“Find a Grave” has Wills!!!
This column is about the value of finding copies of the wills of your ancestors.
Today, on January 11, 2020, I was fortunate enough to run across a copy of the wills of a man and his wife from Culpeper County, Virginia. Both wills were found on the “Find a Grave” website. The first one I viewed was the husband’s but I also looked to see if anything different had been added in his wife’s will and I was ecstatic.
The gentleman was Walter Stallard. Walter wrote his will on July 13, 1803, and it was proved on April 20, 1807, in Culpeper, Virginia.
The good thing about the second will (his wife’s) was the naming of the five daughters with their married names. Also named were the four surviving sons. One son John had died during the American Revolution.
The five girls were Eliza(beth) Cavender, Peggy Clore, Rachel Luttrel, Mary Ann Scott and Fanny Shumate. The sons were Samuel, Walter, Randolph, and David.
“Find a Grave” also listed Walter’s two wives, Elizabeth Williams and Hannah Pitts. Walter married first, Elizabeth aka Betsy Williams and they had two children.
Samuel Williams Stallard m.
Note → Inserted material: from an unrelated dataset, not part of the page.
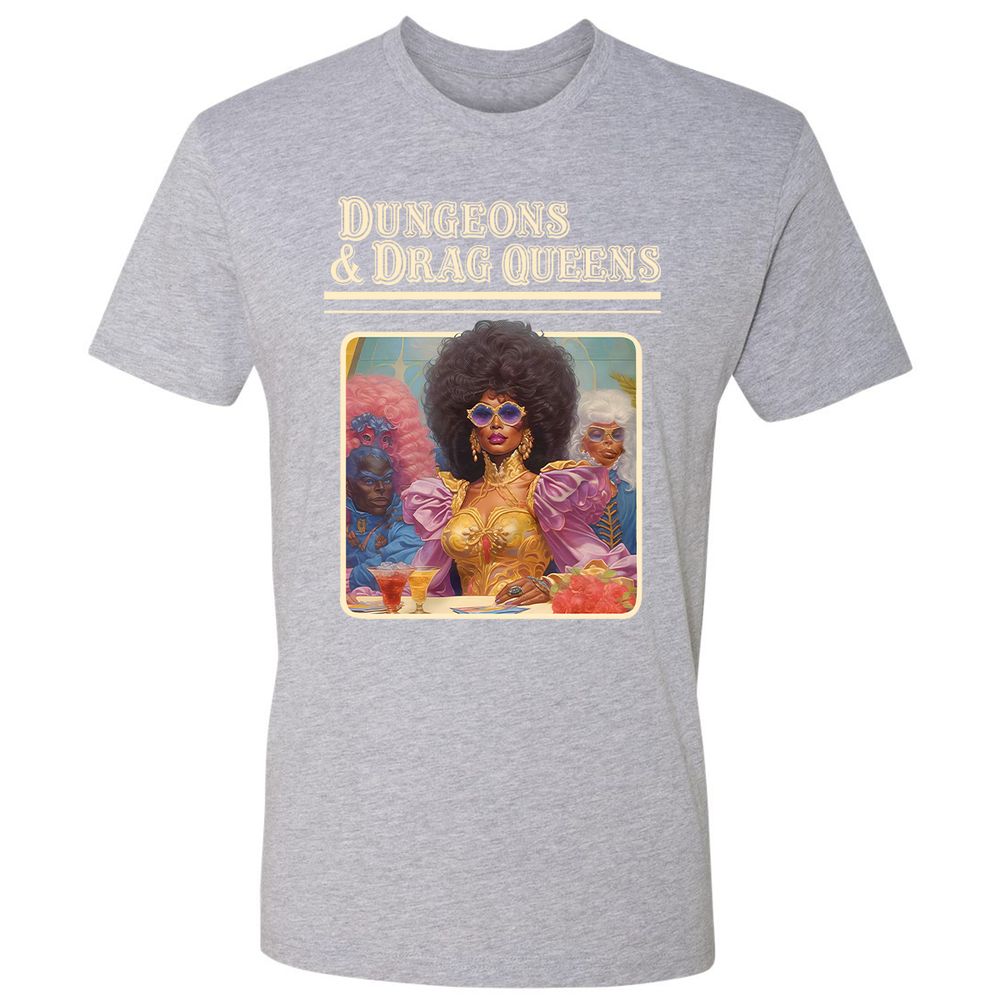 Dungeons & Drag Queens Premium Unisex T-Shirt - Heather Grey - 9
Jael Duncan,
Eliza(beth) Ann Stallard m. Ezekiel Cavender.
But the link to the second wife Hannah Pitts Stallard, daughter of David Pitts, was another genealogy delight. They had eight children and a listing of who each child married.
- Walter Stallard Jr. married three times: Elvira McCalahan, Judith Bayse, and Nancy Taylor Bayse.
- Randolph Stallard m. Mary Bullit
- Frances aka Fanny Stallard m. Telisferro Shumate
- Mary Ann Stallard m. James Scott
- Margaret aka Peggy Stallard m. Acre Clore
- Rachel Stallard m. Richard Lutteral
- John Stallard died unmarried
- David Stallard m. Susannah Pitts
The Walter Stallard who died in 1807 was my 6th great grandfather.